During the three-month project that ended in September, 2018, Arayah was able to collect and deliver a literal truckload of supplies to the shelter and help with clean-up chores there.
“The shelter workers were very excited,” she said. “My project will continue because I brought awareness to people and local businesses that the shelter was in need, so they will continue to donate in the future.”
But the road wasn’t always easy, she admitted, because some people she approached didn’t want to donate, or were unable to do so financially.
“I just went on until I could find people who could donate,” the undeterred Arayah said.
The top items on the shelter’s “most needed” list included food, treats, cat litter, household cleaners, blankets and towels, dog and cat leashes, collars and harnesses, toys, kennels, houses, cat scratching posts, brushes, combs, and cash donations.

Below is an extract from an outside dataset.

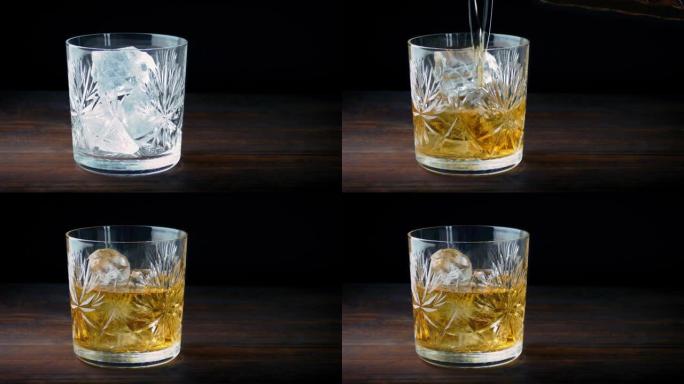 威士忌倒在玻璃杯中的冰块上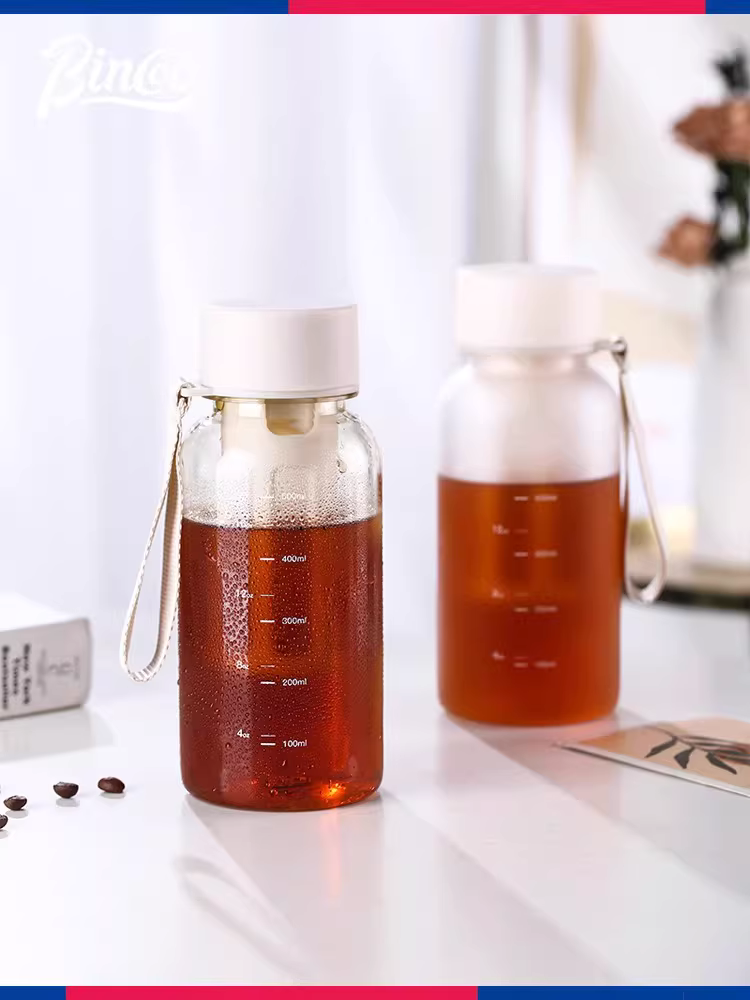 Cốc pha cà phê lạnh Bincoo, bình pha trà lạnh di động, bình nước Tritan di động, kín hơi, ngăn cách trà và nước, cốc trà hoa.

“I discovered that I love animals more than I thought I did,” she said. “I also learned that I enjoy helping at the shelter.”
Jennifer Gilbert, Administrator for Girl Scout Troop 912, told the Review that Arayah basically wanted to “do something great for her community”.

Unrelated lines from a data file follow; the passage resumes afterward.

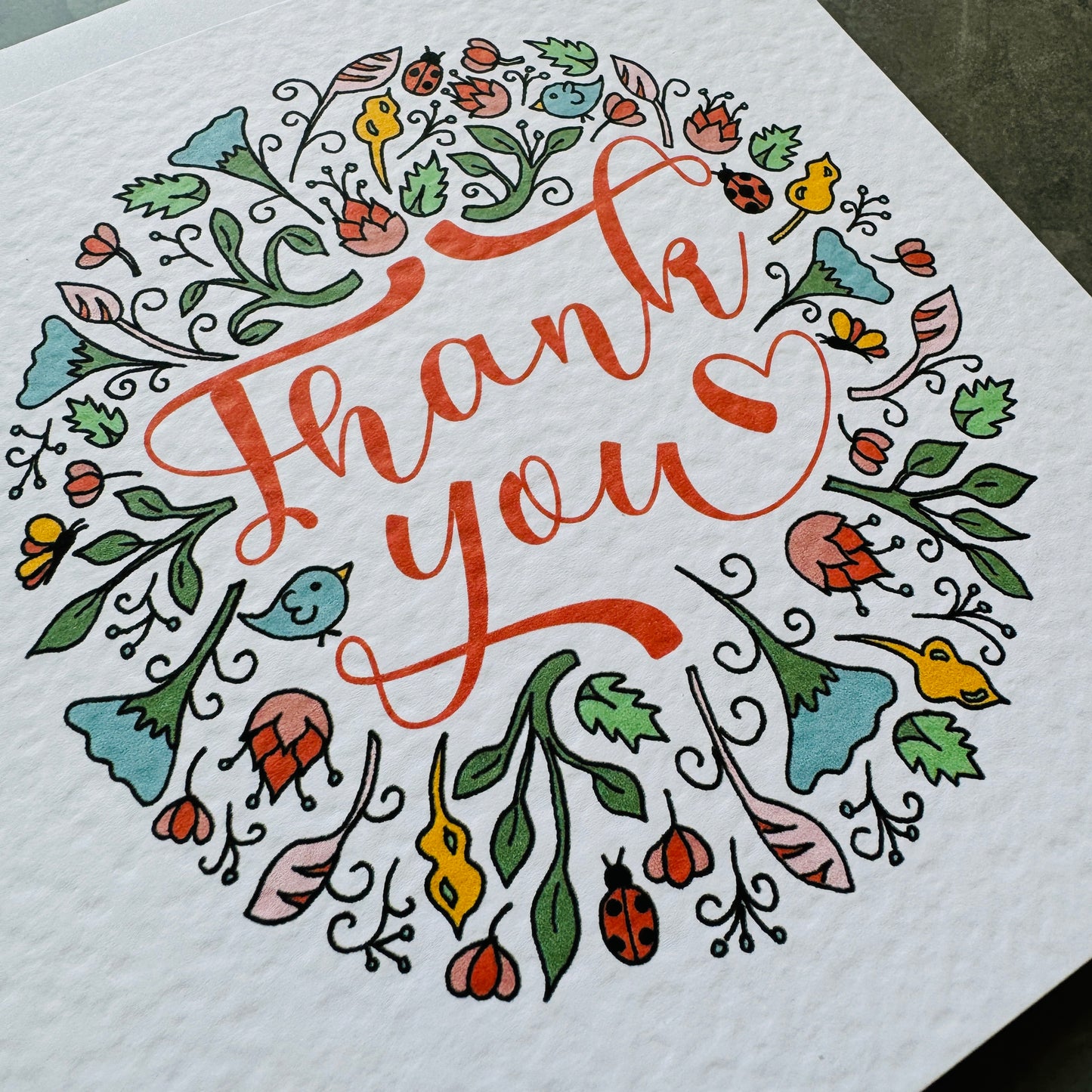 Bright Floral Thank You Card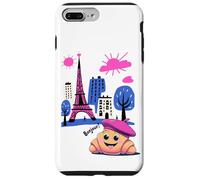 Kids Paris France Croissant Pink Beret Hello in French Tower Case for iPhone 7 Plus/8 Plus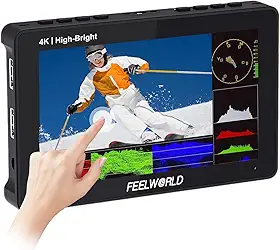 FEELWORLD F5 Prox 5,5" Monitor de Câmera, 1600nit Alto Brilho, Tela Touch Full HD 4K HDMI 60fps, Waveform 3D LUT, Alimentação Type-C, Kit de Instalação Externa F970 para Transmissão Sem Fio e DSLR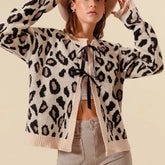 Strickcardigan mit Leopardenmuster, Kontrastdetails und Schleife zum Schnüren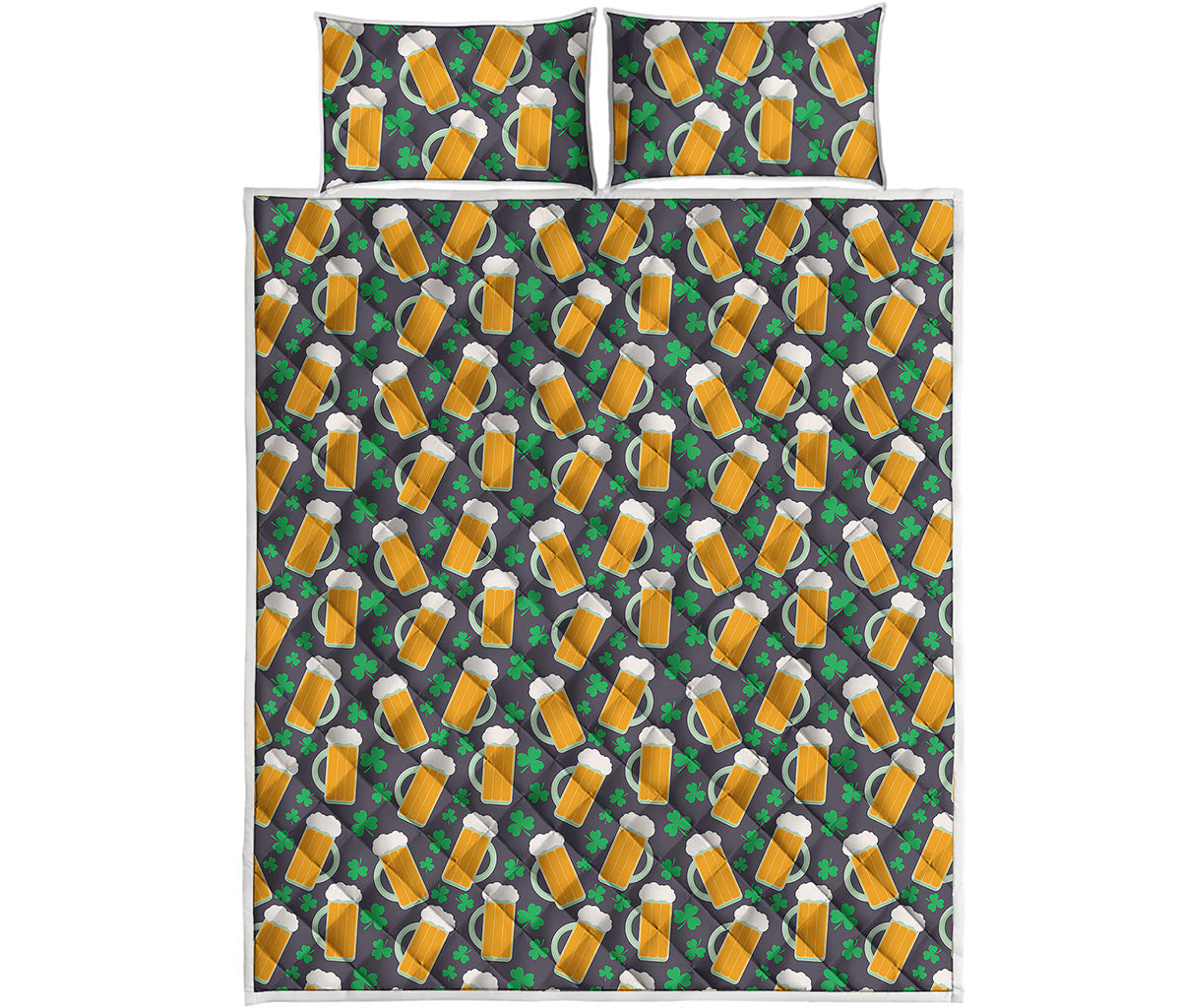 Clover And Beer St. Patrick's Day Print Quilt Bed Set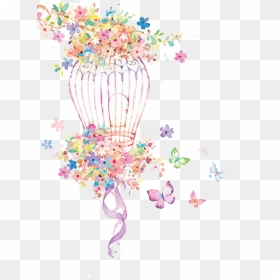 Drawing Wallpapers Watercolor - Birdcage With Flowers Watercolour, HD Png Download - watercolor camera png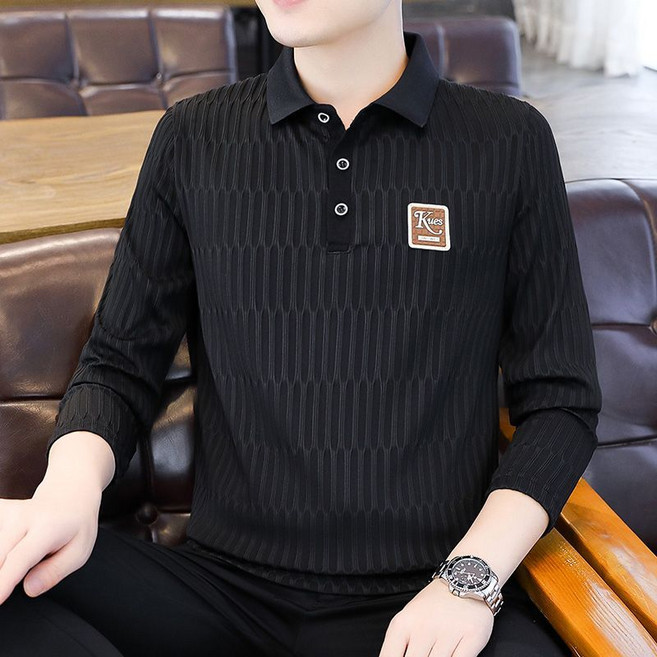 Skyciky 남성용 폴로 카라 티셔츠 긴팔 스웨트셔츠 봄가을 베이직 상의 MB83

“She choose to collect supplies for the Humane Society as well as donate her own time,” Gilbert said. “She spent 30+ hours working on this project. Normally, the projects are done as a group but she was the only one at that level so she did it by herself.”
The Take Action Project is to be girl-led and girl-done with minimal help from an adult, Gilbert said.
“She started with her idea then presented it to the director of the Humane Society. She found out what exactly the shelter needed and then wrote letters asking people for donations and went around to all the local businesses asking for help. She also asked family, friends, all her fellow girl scouts and her brother’s Cub Scout group to give donations as well, which they did!”
Her goal was to get a truckload of donations and that she did ... more than 1,000 pounds to be exact.
“Arayah not only filled a truck but she also had supplies in my SUV and the front seat of the truck,” Gilbert added. “She had a lot of each item that the shelter said they needed.”
But that wasn’t enough for the determined Girl Scout ... Arayah felt she didn’t have enough supplies so she earned money at home and bought some additional supplies using her own money.
“Once she gathered up all her donations, she delivered them to the shelter and then her and her family stayed and each worked for four hours cleaning the shelter,” Gilbert said. “She was very excited to be able to help the shelter out. She also spoke to anyone that would listen about her project to encourage more people to want to get involved.”
Although Arayah’s project culminated in September of last year, she was just recognized in April, 2019, during the High Award Spring Ceremony with a Bronze Award from the CEO of the Girl Scouts of America.
“She is currently working on her Silver Award, and this new project is simply amazing,” Gilbert said. “She has a heart of gold and really does represent the Girl Scouts well. Girl Scouts strive to make the world a better place and Arayah is truly doing that.”
Currently 11, Arayah is the oldest Scout in the Troop and their only Cadette.
“She spends a lot of her time during meetings and activities working with the younger girls and helping the leaders as much as she can,” Gilbert said. “She is a true G.I.R.L — Go-Getter, Innovator, Risk-Taker, and Leader — Scout.”
Arayah is planning to continue volunteering at the shelter.